Pedersen: The industry is sort of adopting it, but only because they have to. People are doing it because they have to, to compete. That’s a different mentality than doing it because it’s the right thing to do. That’s the difference. I’m not doing it because I’m being forced to because some Google or AT&T is doing it. We’re doing it because it’s the right thing for the consumer. Is the industry changing? Sure. Are people changing because they have a vision for where their company should end up being? It doesn’t necessarily feel like that, competing with them. Reacting in business is usually too late, in my opinion. If I’m reacting every day or every month or every year, I shouldn’t be the CEO. The second I feel I’m at that point where the need of the consumer is passing up my ability to deliver, I’m done.
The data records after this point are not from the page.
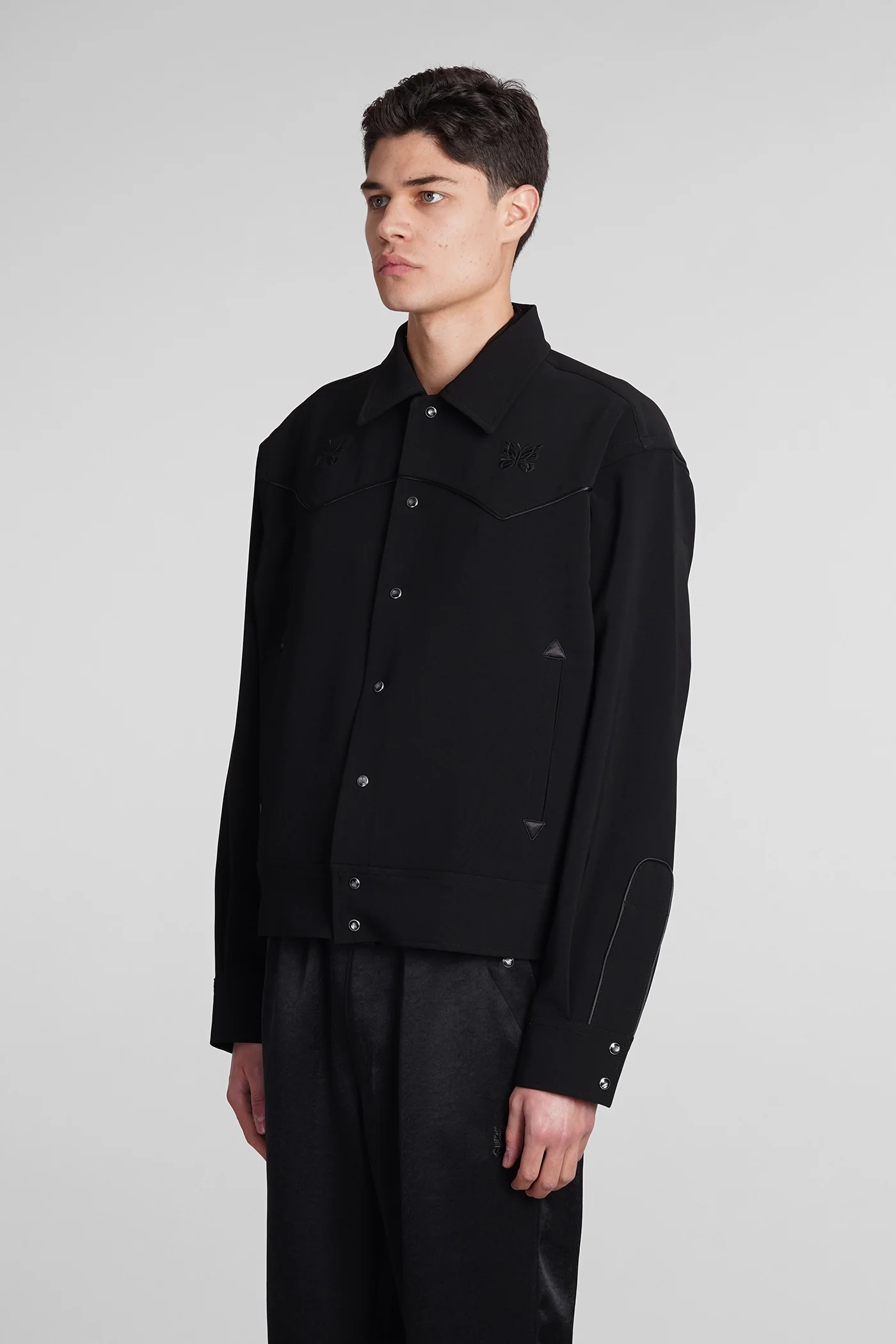 Casual jacket in black polyester - Image 4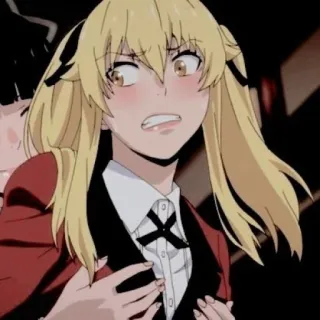 🦮 anime, dibujos animados, rubia, chica, manga telegram sticker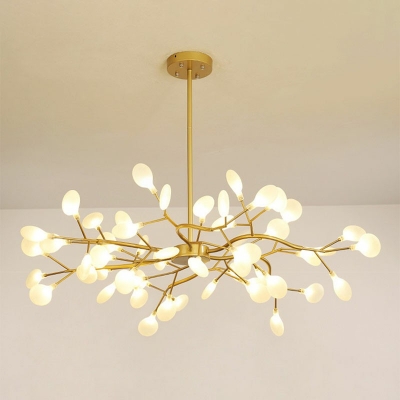 Modernist Chandelier 54 Head Firefly Style Hanging Ceiling Lights for Bedroom Dining Room
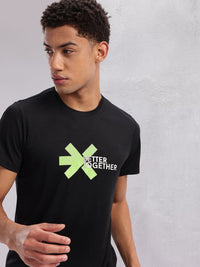 HRX by Hrithik Roshan Couple Tee Collection Brand Logo Print Rapid-Dry Running T-shirt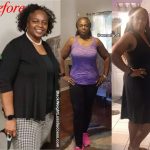 Lorinda before and after weight loss
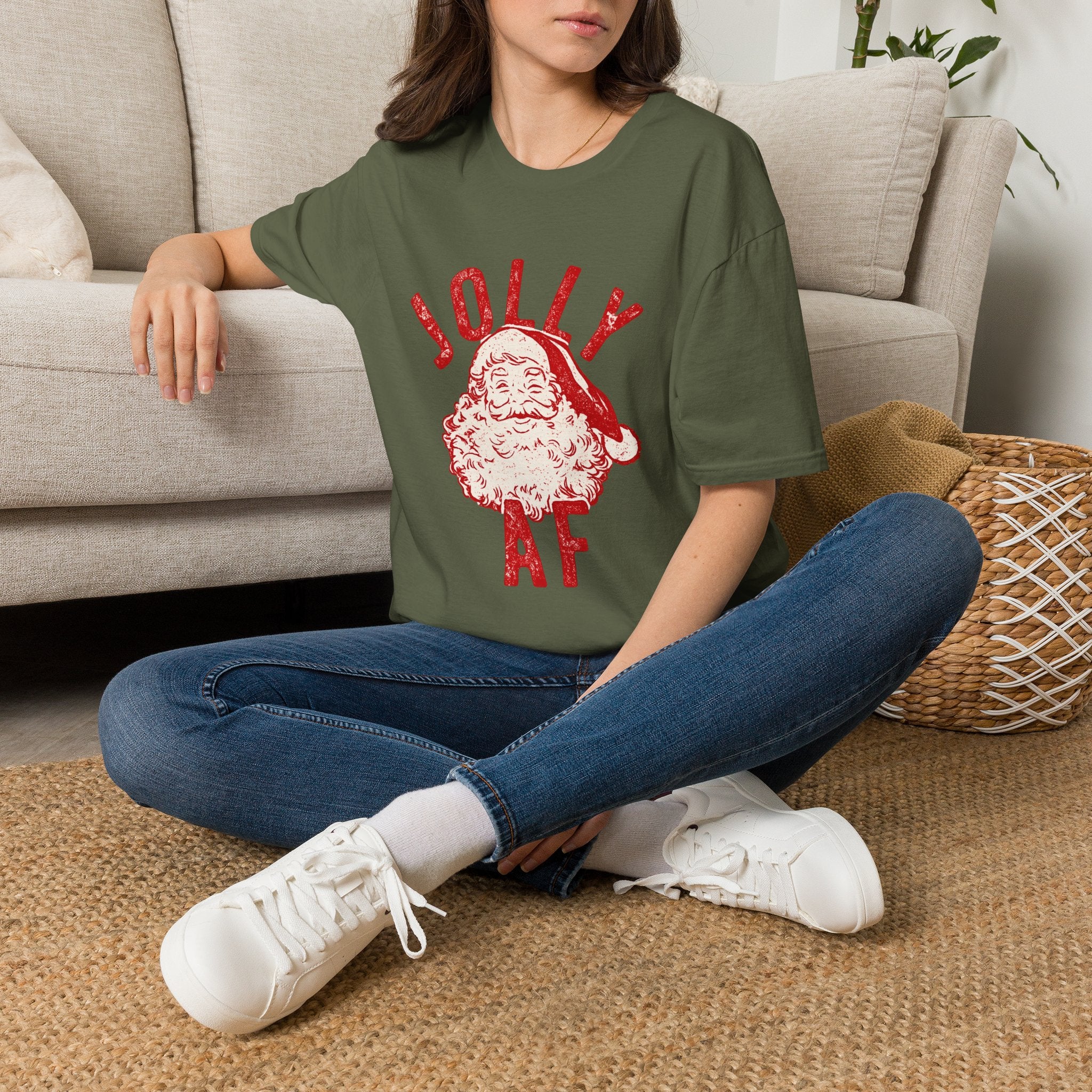 Jolly AF Santa T-Shirt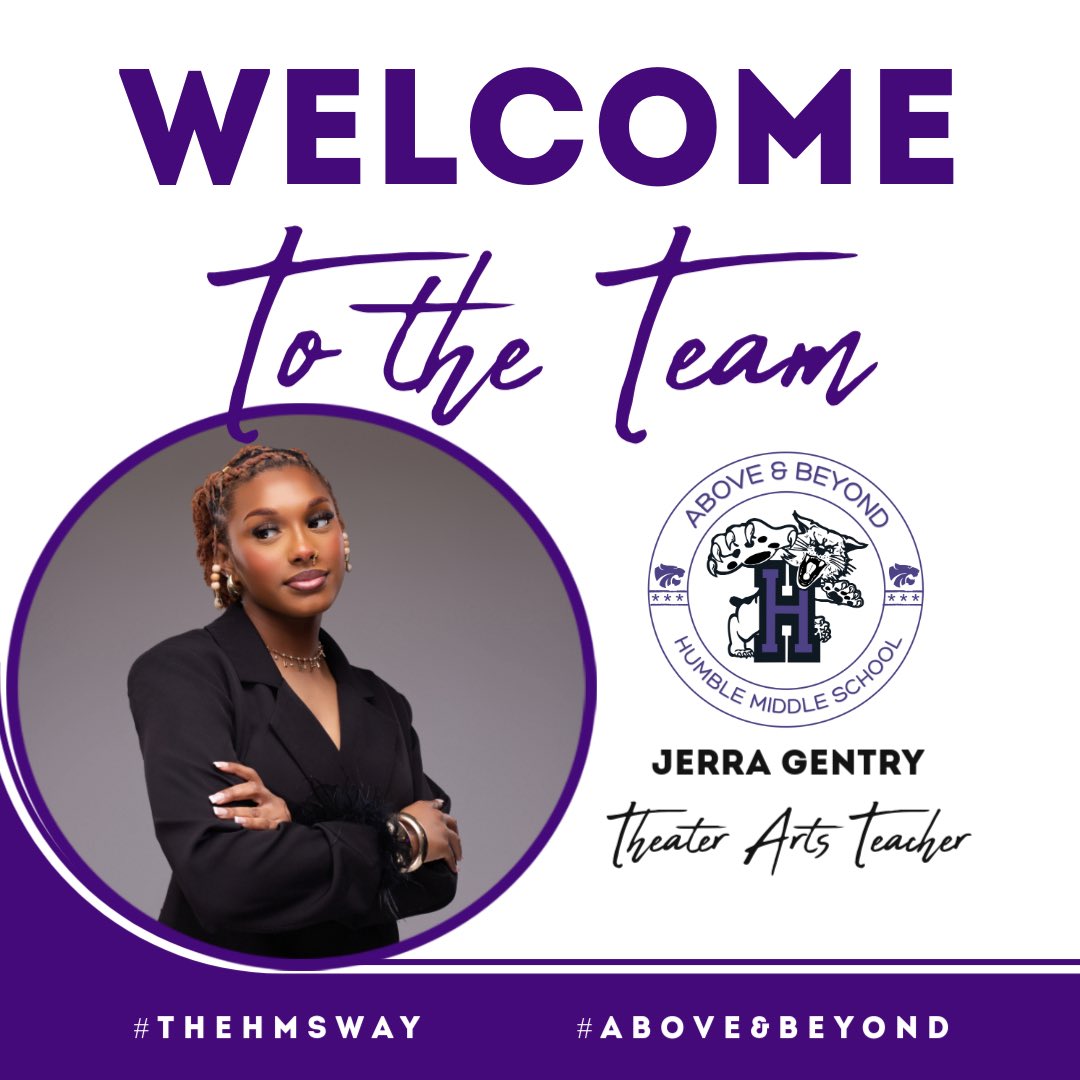 HumbleISD_HMS's tweet image. We are excited to Welcome another WILDCAT into the family! #AboveAndBeyond
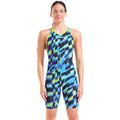 Arena - Aqua Gleam Limited Edition Women's Open-Back Powerskin Carbon Air3 Kneeskin – Aqua/Gleam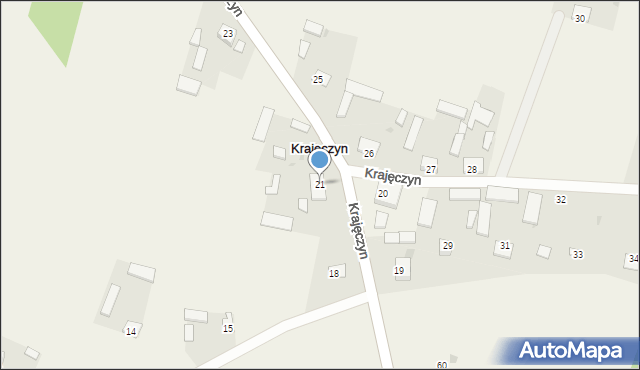 Krajęczyn, Krajęczyn, 21, mapa Krajęczyn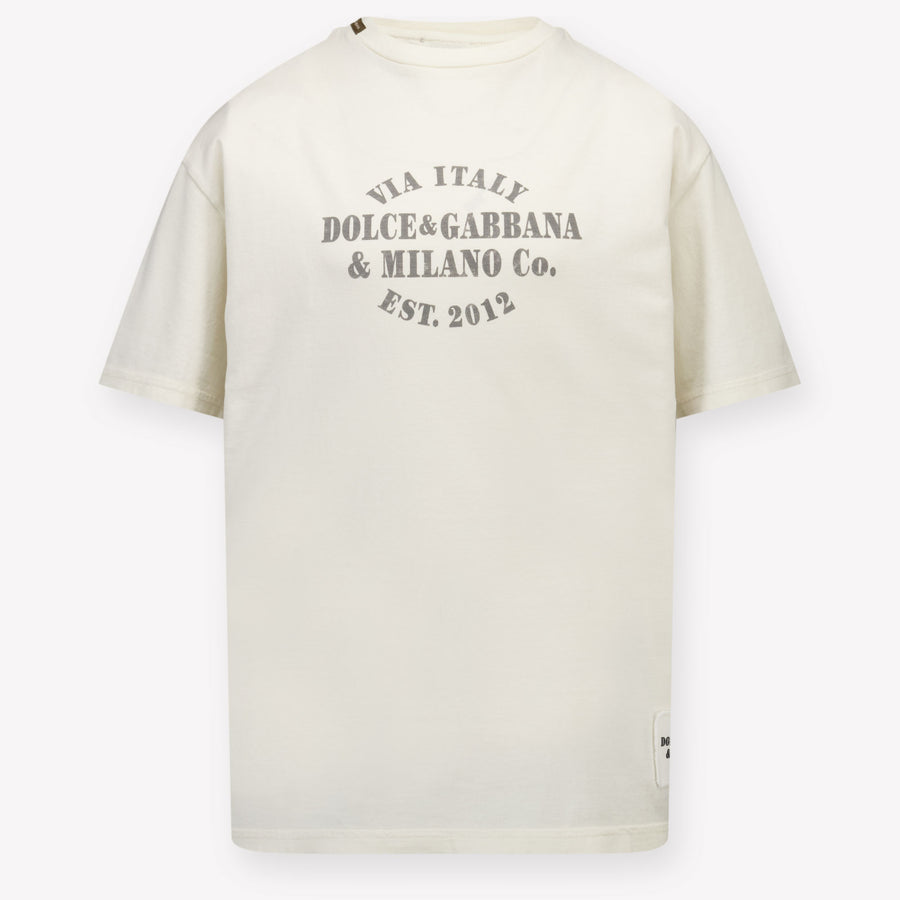 Dolce & Gabbana niños Chicos Camiseta adentro Blanco Roto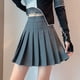 thumbnail image 2 of Falda plisada de cintura alta Rimocy para mujer 2023, estilo preppy, con cremallera, corte A, minifaldas para mujer, faldas cortas de verano de color liso para mujer, 2 of 6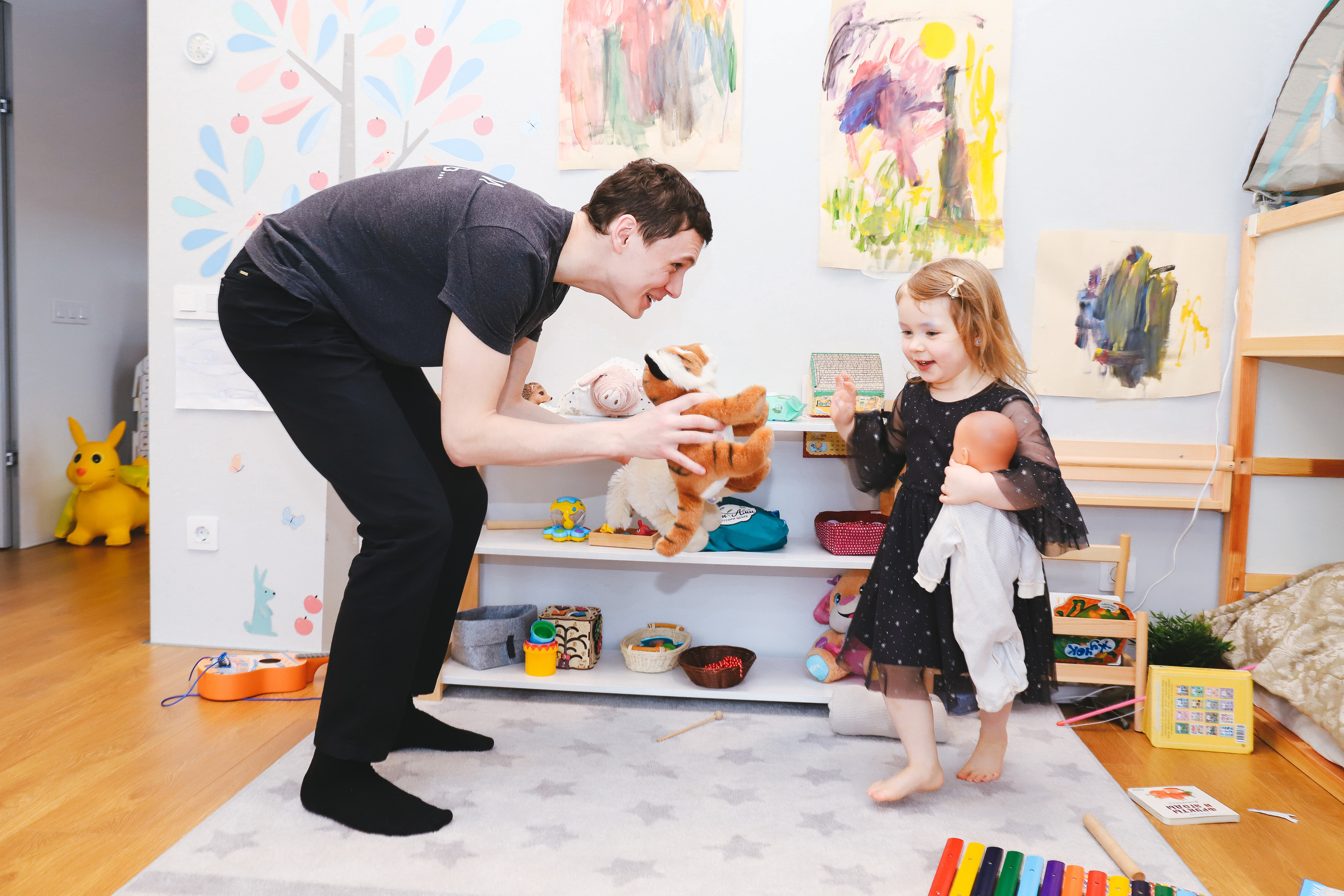 Домашняя фотосъемка Сергея, Елены и их прекрасных детей. Фотограф в Санкт-Петербурге Наталья Брилькова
I love the security business. It’s awesome, it’s fun, it’s a great service. Everyone should have security. I don’t think everybody believes they need it but there’s a way to deliver security over time, to everyone, maybe just not through the traditional way we’ve done it. I think if I gave everyone security, almost for free, they’d take it if it was part of a bundled package in a fully integrated home. Why wouldn’t they? There’s a way to deliver service people probably would like to have but some view as a luxury they can’t afford. If I can make that affordable to them through the service offerings or just simplification of life and therefore savings of time, or whatever the case might be, I think we can accomplish that, at least in a bigger, broader way than has been done at this point.
Editor-in-Chief Scott Goldfine has spent more than 14 years with SECURITY SALES & INTEGRATION. He can be reached at (704) 663-7125 or firstname.lastname@example.org.
- 1995-98: APEX Marketing Group is formed by Todd Pedersen. His team of 13 college students sells pest control services door to door in Mesa, Ariz., selling 1,500 contracts in their first summer. Members of the sales team leave to work for a security company, which fails. They return bringing with them an idea for a new opportunity.
- 1999: Pedersen forms APEX Security Solutions Inc. to market third-party (Protection One) home security systems.
- 2000-02 — APEX partners with ADT to sell its home security services. APEX sells 12,000 ADT contracts in four months, obliterating sales goals.
- 2003-04: APEX ends relationship with ADT, and signs on with Monitronics. APEX team sells 20,000 Monitronics systems in just 108 days.
- 2006: Private equity partners Jupiter Capital and Goldman Sachs invest $50M of growth capital, allowing APEX to evolve into a full-service home security company. Company name changed to APX Alarm Security Solutions. APX signs a $75M credit facility agreement with Goldman Sachs.
- 2008: APX announces $220M credit facility led by Goldman Sachs Specialty Lending Group. Company breaks ground for new headquarters in Provo, Utah.
- 2009: APX acquires monitoring station in St. Paul, Minn. Another $440M credit facility agreement is completed, led by Goldman Sachs. New 125,000-square-foot corporate headquarters is opened.
- 2010: APX receives several customer service awards. Goldman Sachs increases credit facility agreement to $565M. Go!Control panel launched, giving customers more control over more types of devices and functions. Second central monitoring station opens at new corporate headquarters.
- 2011: Company purchases smart metering technology company, Meter Solutions. APX enters home automation market with products/services including automatic door locks, video surveillance, and lighting and small appliance control. Company changes its name from APX Alarm to Vivint. Expands energy division through partnerships with Tendril and Constellation, continues to build its Smart Grid business. Vivint Solar is launched.
- 2012: Blackstone Capital Partners acquires Vivint Inc., including Vivint Solar and 2GIG Technologies, for more than $2 billion.